What you need to do. After locating the line with "SYLVOX Outdoor TV, 85''" below, output it and each following line exactly, stopping after the line with "Pantolon - Görsel 4". No pictures.

Data extract.
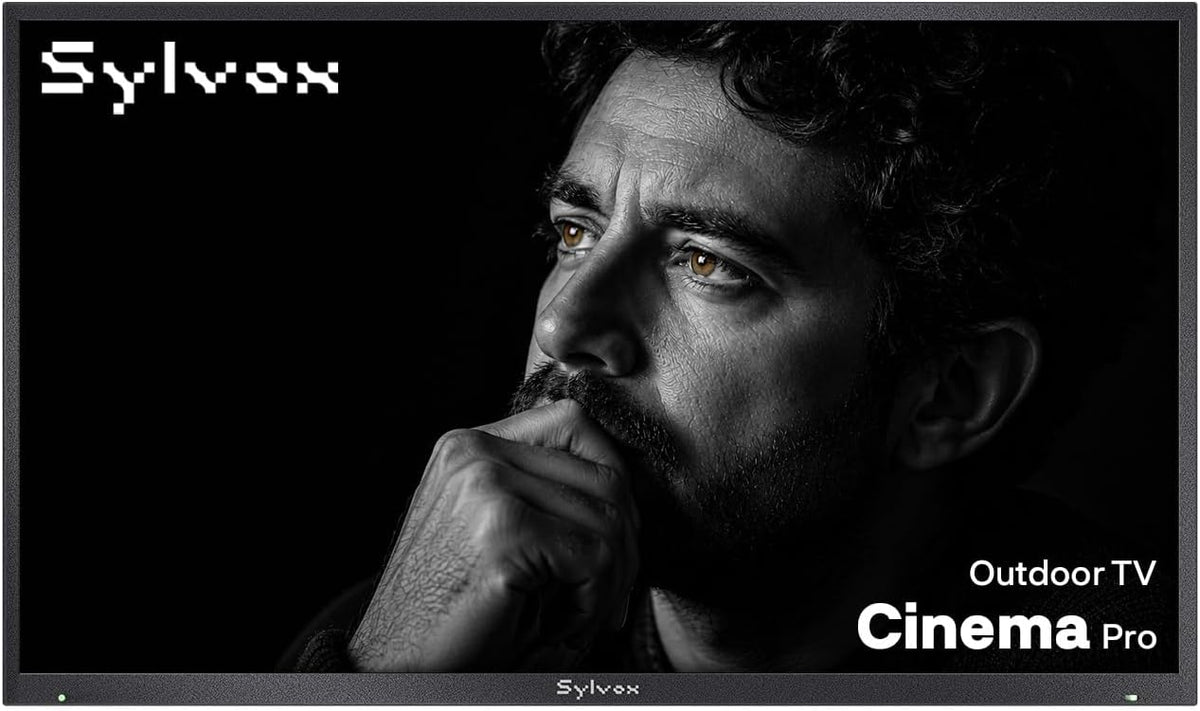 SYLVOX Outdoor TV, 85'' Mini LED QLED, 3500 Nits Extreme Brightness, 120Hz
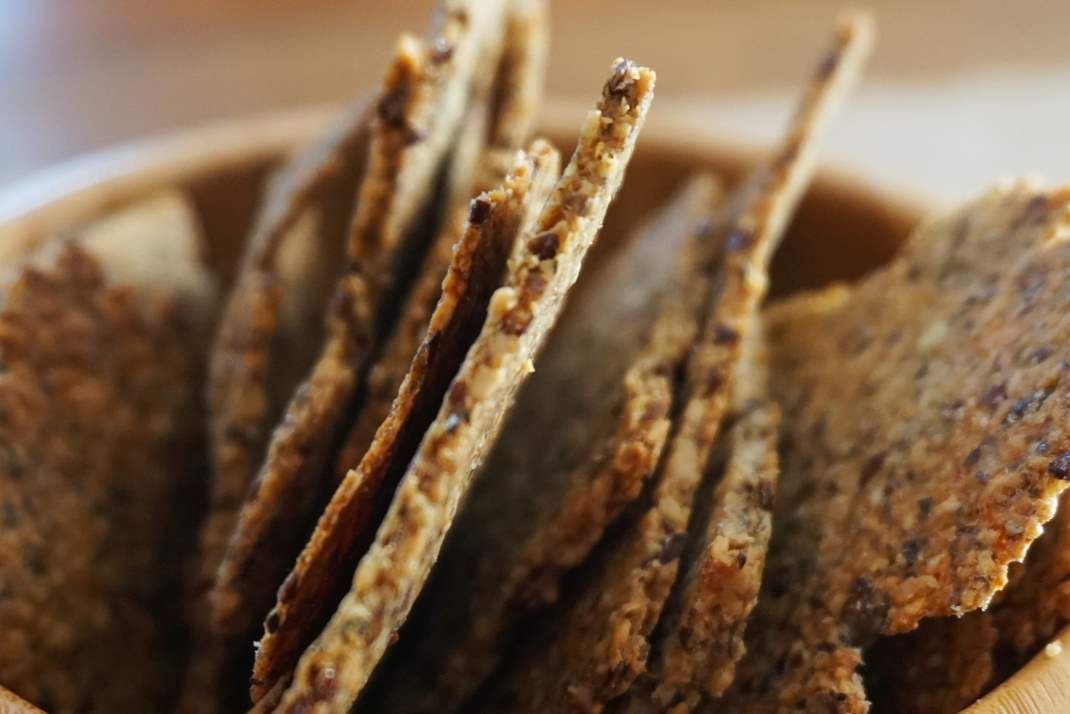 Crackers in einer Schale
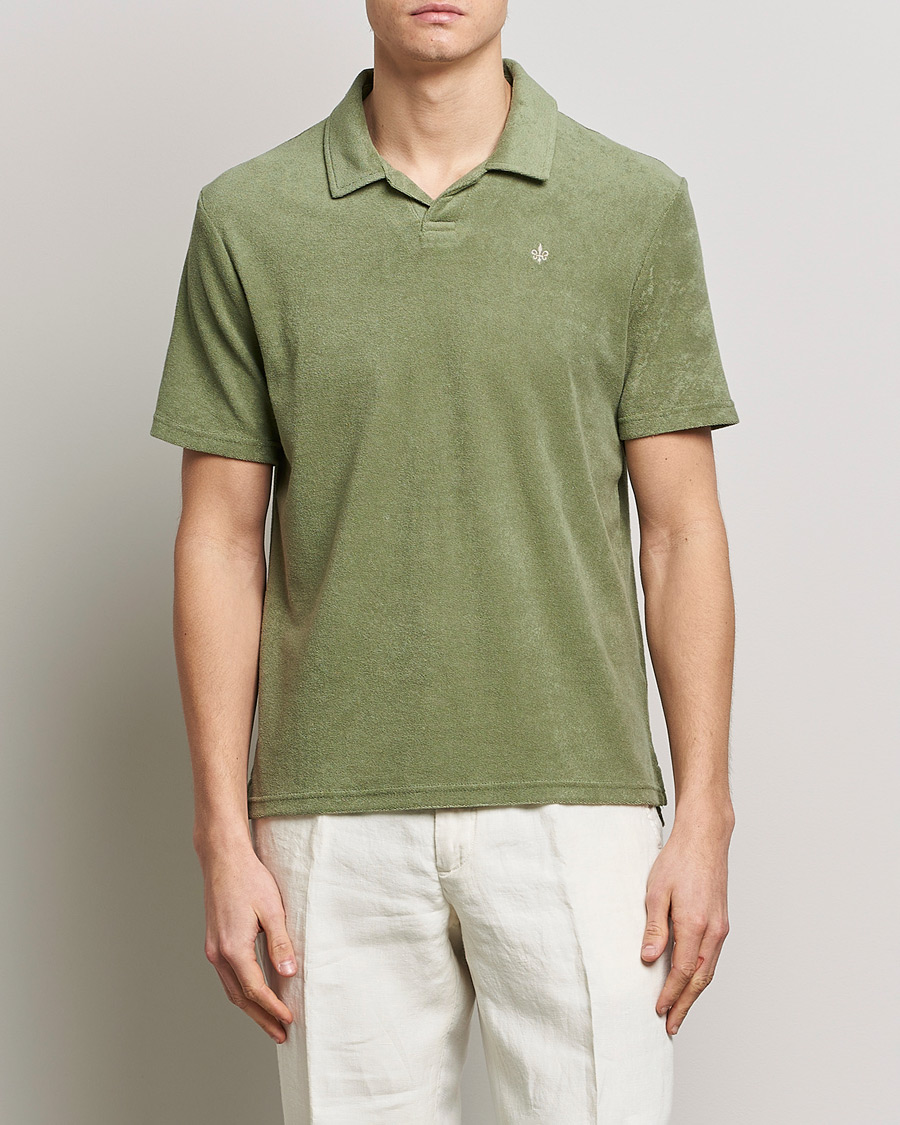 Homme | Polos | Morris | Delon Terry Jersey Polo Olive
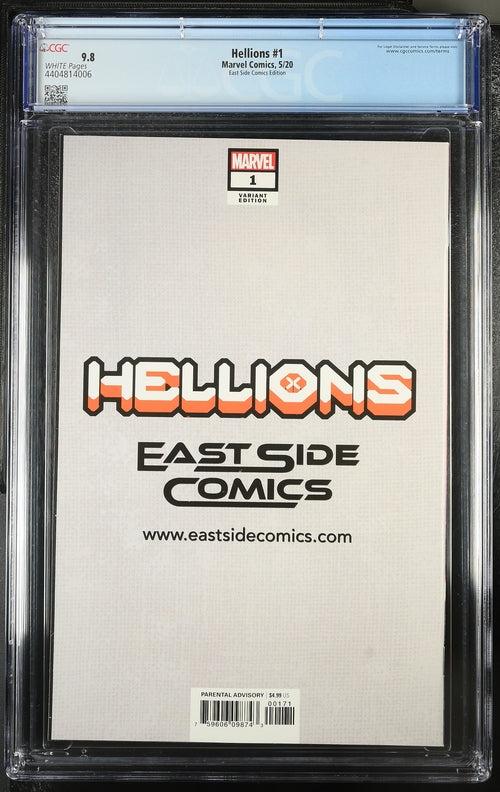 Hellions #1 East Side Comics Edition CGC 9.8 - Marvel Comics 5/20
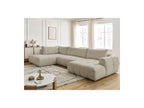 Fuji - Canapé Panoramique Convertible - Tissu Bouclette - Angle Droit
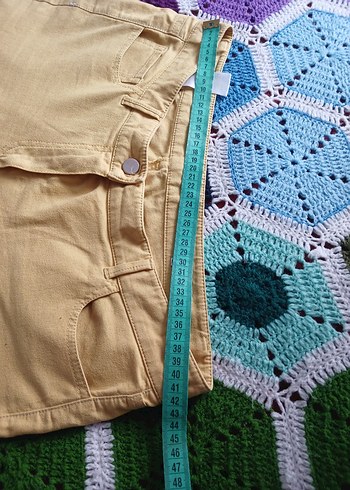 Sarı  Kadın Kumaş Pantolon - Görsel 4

* * *

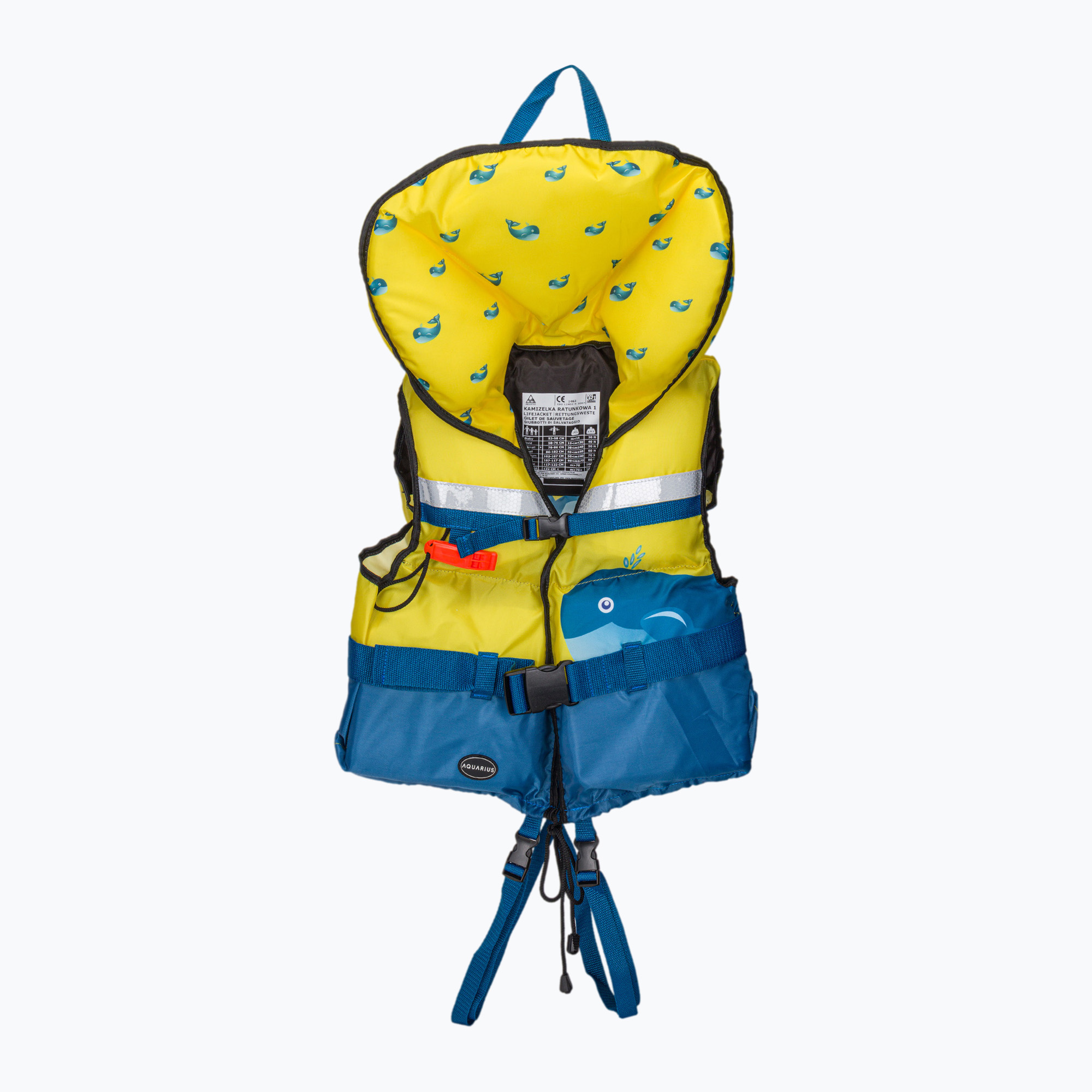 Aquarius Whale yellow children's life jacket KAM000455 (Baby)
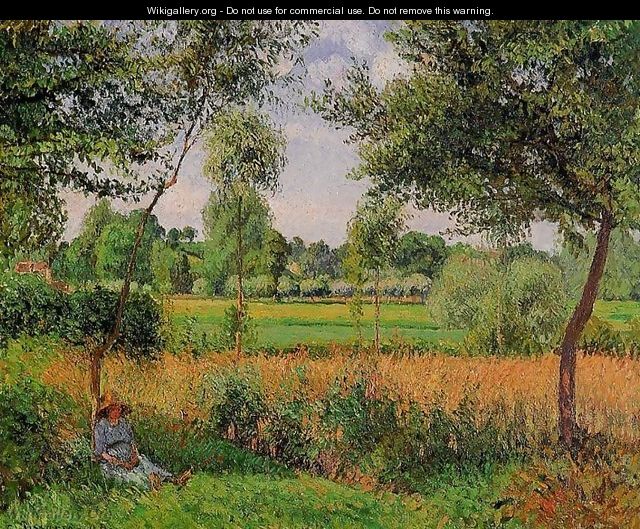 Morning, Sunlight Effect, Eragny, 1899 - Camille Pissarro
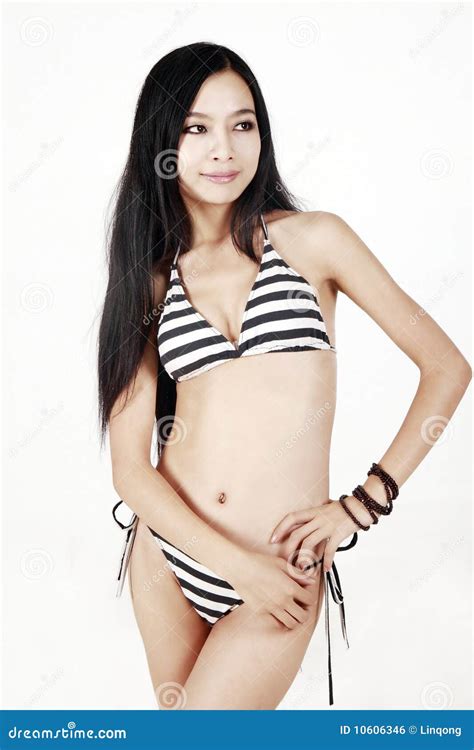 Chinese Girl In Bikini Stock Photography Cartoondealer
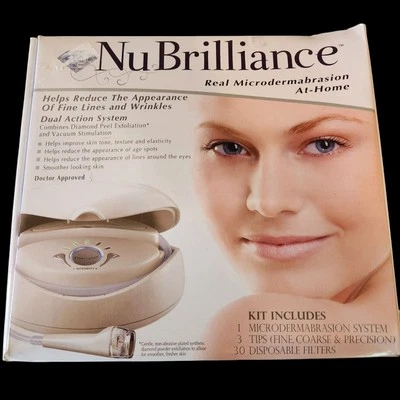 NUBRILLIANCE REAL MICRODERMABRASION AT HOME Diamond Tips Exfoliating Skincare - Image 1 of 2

* * *

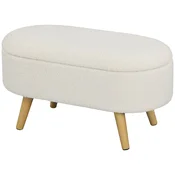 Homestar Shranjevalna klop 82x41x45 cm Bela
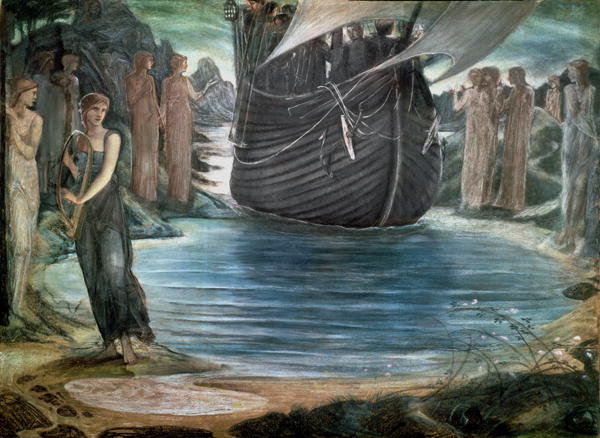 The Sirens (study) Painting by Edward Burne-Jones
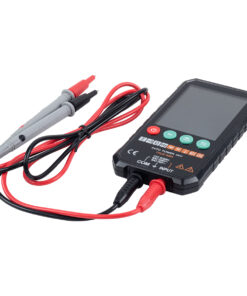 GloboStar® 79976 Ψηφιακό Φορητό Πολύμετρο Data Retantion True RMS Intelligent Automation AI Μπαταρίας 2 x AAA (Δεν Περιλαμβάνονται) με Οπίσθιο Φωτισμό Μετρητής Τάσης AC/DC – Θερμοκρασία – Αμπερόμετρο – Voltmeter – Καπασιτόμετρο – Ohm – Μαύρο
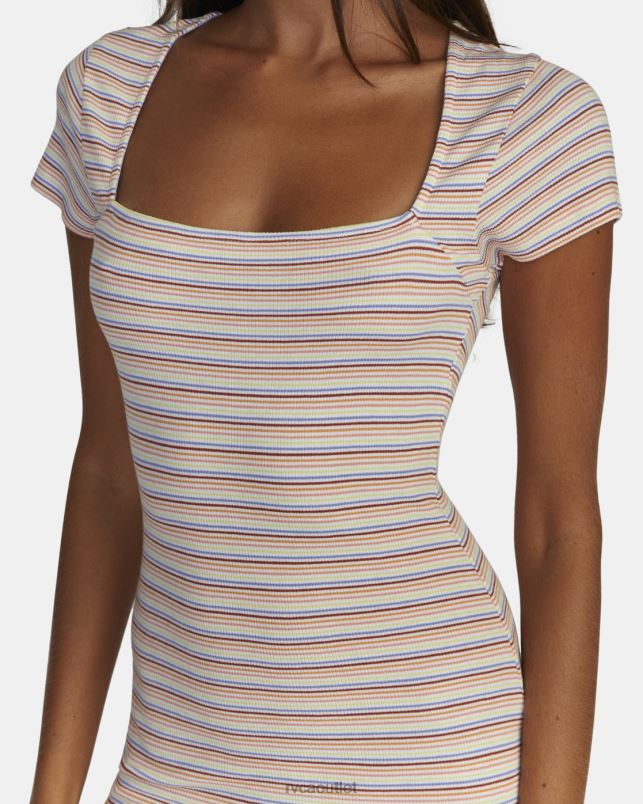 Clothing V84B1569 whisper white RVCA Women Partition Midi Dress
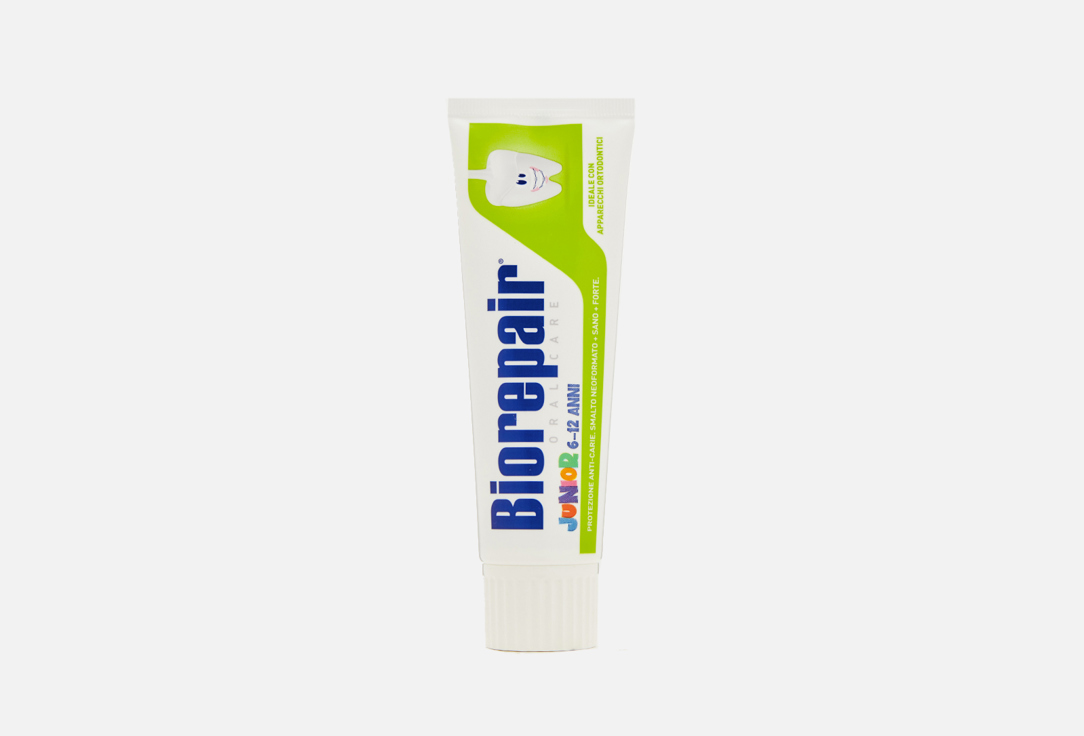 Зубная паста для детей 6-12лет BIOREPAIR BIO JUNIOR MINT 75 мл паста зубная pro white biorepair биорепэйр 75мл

Task answer.
 SYLVOX Outdoor TV, 85'' Mini LED QLED, 3500 Nits Extreme Brightness, 120Hz
 Crackers in einer Schale
 Homme | Polos | Morris | Delon Terry Jersey Polo Olive
 Hellions #1 East Side Comics Edition CGC 9.8 - Marvel Comics 5/20
 Fuji - Canapé Panoramique Convertible - Tissu Bouclette - Angle Droit
 Sarı  Kadın Kumaş Pantolon - Görsel 4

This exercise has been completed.